Short web captions
========================================

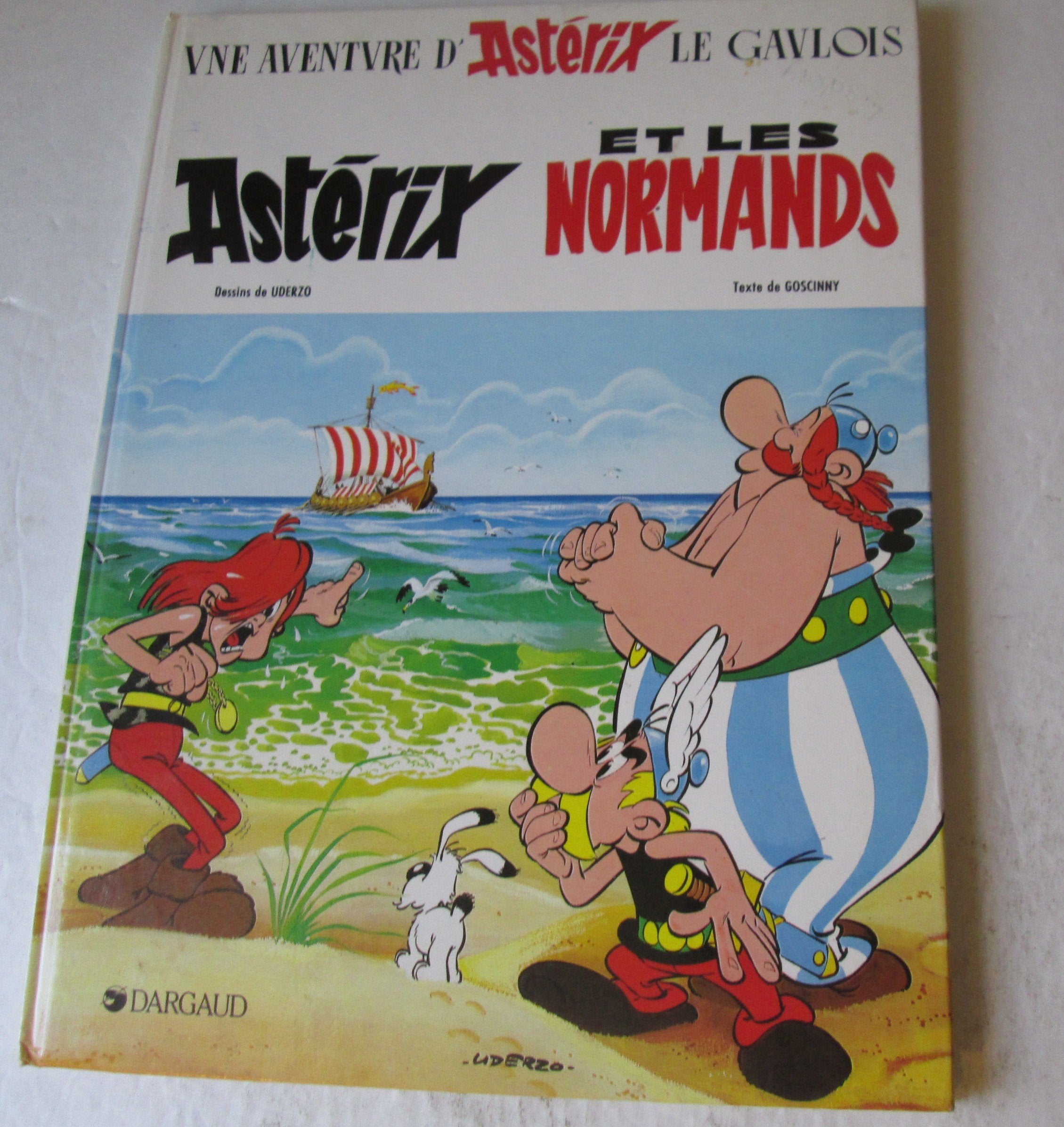 Astérix et les Normands 9782205001907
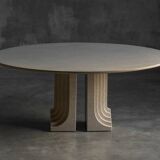 Samo dining table by Carlo Scarpa for Simon Gavina, Italy, 1971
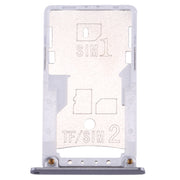 For Xiaomi Redmi 3 & 3s SIM & SIM / TF Card Tray(Grey)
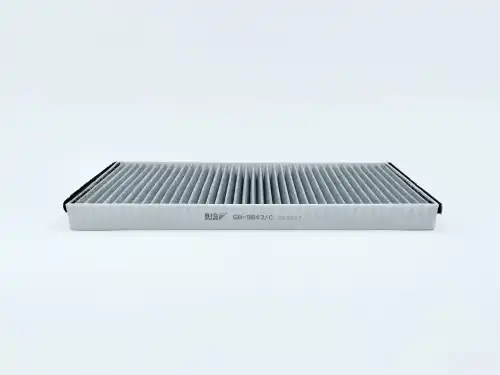 BIG FILTER gb9843c - Воздушный фильтр салона BIG Filter (без рамки)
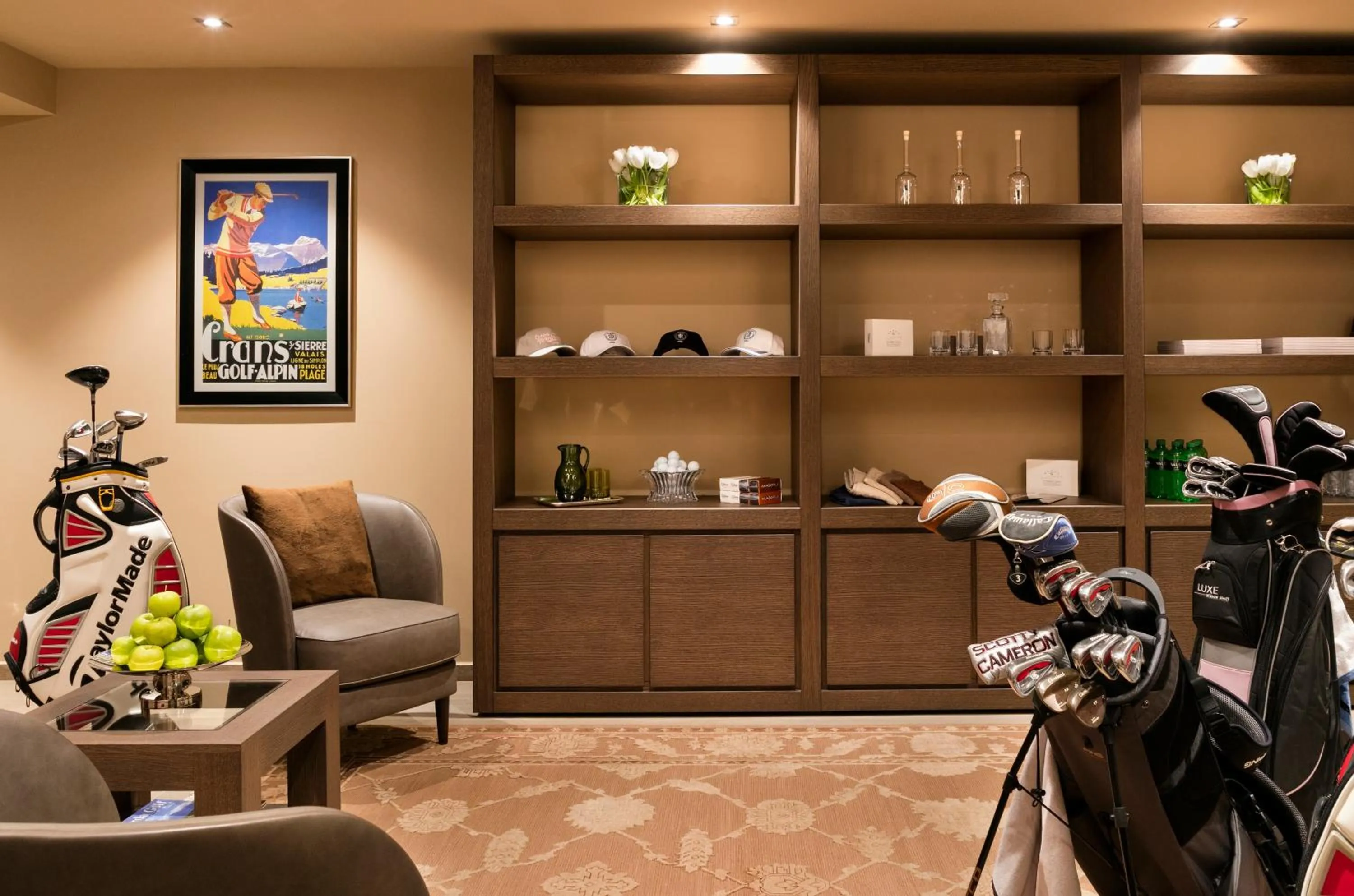 Area and facilities in Guarda Golf Hotel & Residences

========================================

- **Exercise goal**: Your answer must be the exact lines from the one containing "BIG FILTER gb9843c" through the last line of the records above, with both included and no pictures.

- **Solution to this problem**:
 BIG FILTER gb9843c - Воздушный фильтр салона BIG Filter (без рамки)
 Area and facilities in Guarda Golf Hotel & Residences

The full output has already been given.